Would you print the data below exactly, leaving out every picture?

**** Data provided ****

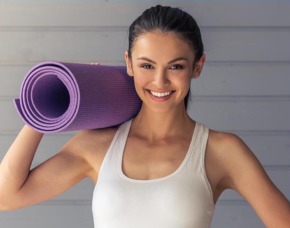 Au�ergew�hnliche Wellness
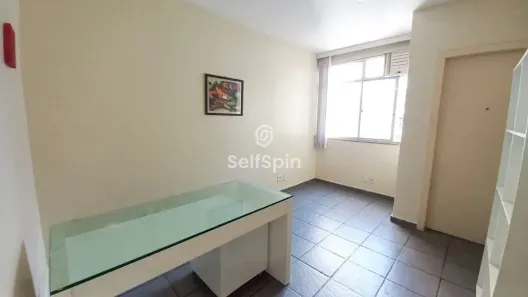 Sala Comercial para alugar, 34m² no Centro, Niterói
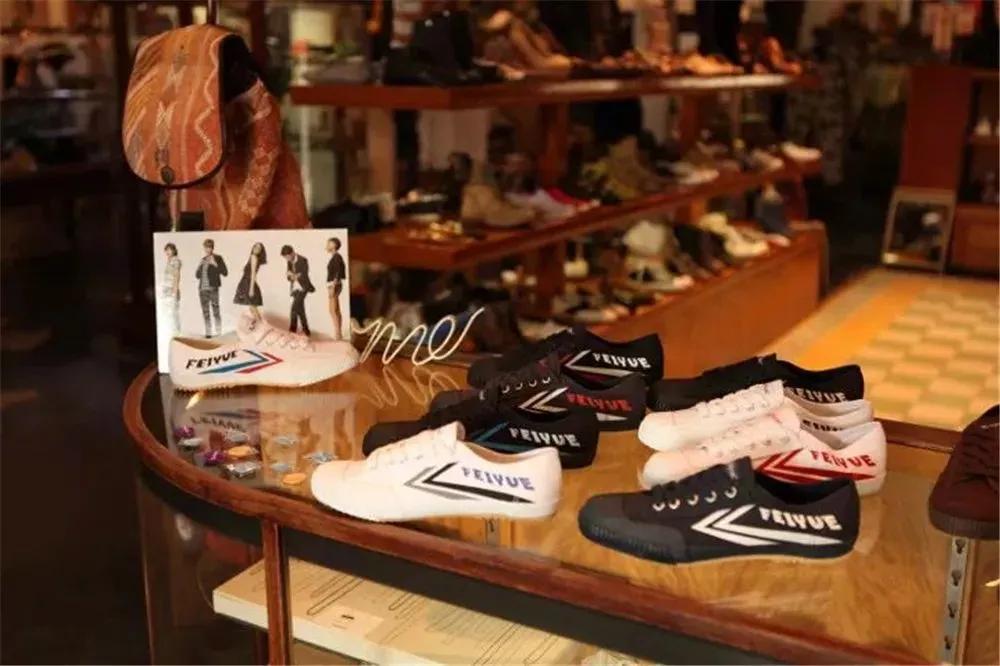 国潮品牌崛起背后的四大路线图,四个飞跃内容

****

**Solution**:
 Au�ergew�hnliche Wellness
 Sala Comercial para alugar, 34m² no Centro, Niterói
 国潮品牌崛起背后的四大路线图,四个飞跃内容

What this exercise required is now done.